In patients with breast cancer with a recurrence score based on a 21-gene expression assay of 11 to 25, outcomes were similar whether chemotherapy was used or not.
In patients with hormone receptor–positive, HER2-negative, lymph node–negative breast cancer with a recurrence score (RS) based on a 21-gene expression assay of 11 to 25, outcomes were similar whether chemotherapy was used or not used, according to a retrospective analysis. However, the study’s limited follow-up means a benefit from chemotherapy in these patients cannot be ruled out.

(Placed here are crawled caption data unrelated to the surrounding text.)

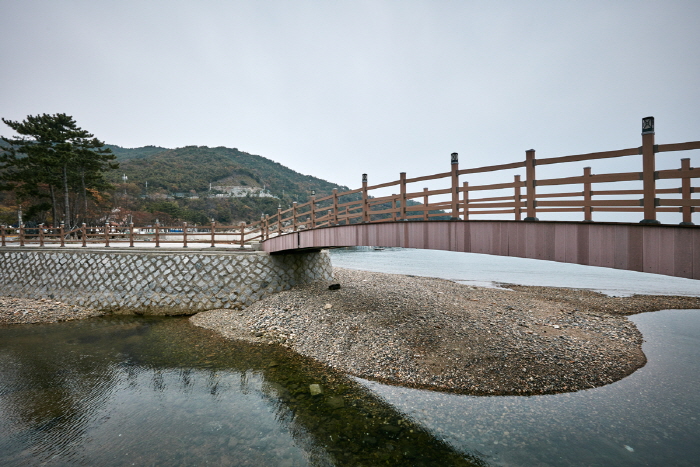 항도몽돌해수욕장과 항도방파제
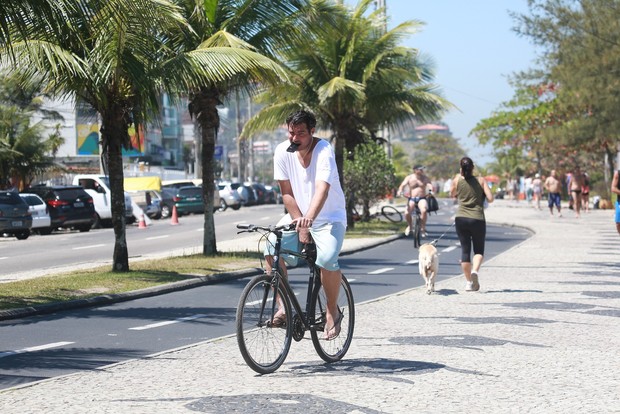 Thiago Lacerda andando de bicicleta (Foto: Dilson Silva / Agnews)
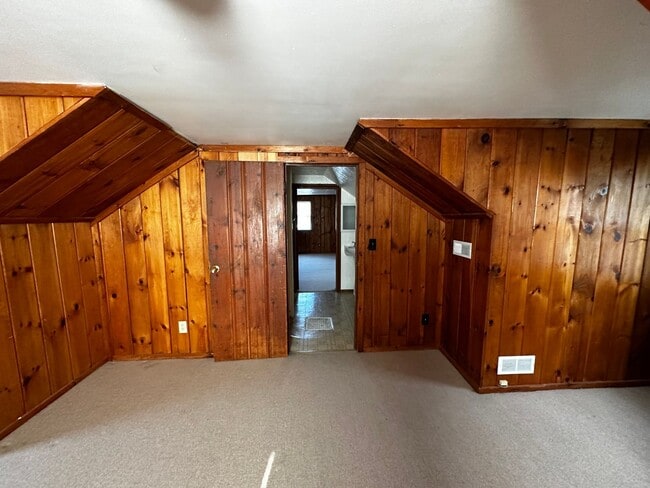 Building Photo - 555 Woodsdale Ave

The Oncotype DX 21-gene expression assay is the most commonly used test of this kind in breast cancer in the United States. It offers an RS, and previous research has shown that patients with an RS below 11 fare very well when treated with endocrine therapy alone. “To our knowledge, it is unknown whether chemotherapy provides any additional benefit in outcomes in patients with hormone receptor–positive, HER2-negative, lymph node–negative, early-stage breast cancer with an RS of 11 to 25 who are treated with endocrine therapy,” wrote study authors led by Carlos H. Barcenas, MD, MSc, of the University of Texas MD Anderson Cancer Center in Houston.
This study included 1,424 patients who underwent the gene expression assay. Among these patients, 297 had an RS of 0 to 10 (21%), 894 had an RS of 11 to 25 (63%), and 233 had an RS of > 25 (16%). In each of these subgroups, 1.7%, 15%, and 73.4%, respectively, received chemotherapy. Results of the study were published in Cancer.

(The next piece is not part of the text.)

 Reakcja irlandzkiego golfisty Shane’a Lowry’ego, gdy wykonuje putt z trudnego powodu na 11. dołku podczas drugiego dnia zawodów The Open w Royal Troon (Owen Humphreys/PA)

A total of 549 women who were diagnosed between 2005 and 2011 with an RS of 11 to 25 were categorized by receipt of chemotherapy. After a median follow-up of 58 months, there were 41 “outcome events,” including 10 distant recurrences, 3 local recurrences, 7 deaths, 11 second primary breast cancers, and 10 primary cancers at other sites.
There were no differences between patients who did and did not receive chemotherapy in any of the following four outcome measures. The hazard ratio (HR) for chemotherapy’s effect on invasive disease–free survival was 1.64 (95% CI, 0.73–3.71; P = .233). For recurrence-free survival, the HR was 1.46 (95% CI, 0.41–5.23; P = .564), and for distant recurrence–free survival it was 1.25 (95% CI, 0.32–4.92; P = .746). For overall survival, the HR was 2.19 (95% CI, 0.44–11.0; P = .340).
The authors noted that the results are limited by the low overall number of events, as well as the relatively short follow-up period. “A benefit from chemotherapy in this group cannot be ruled out because a longer follow-up is required to observe future events,” they concluded.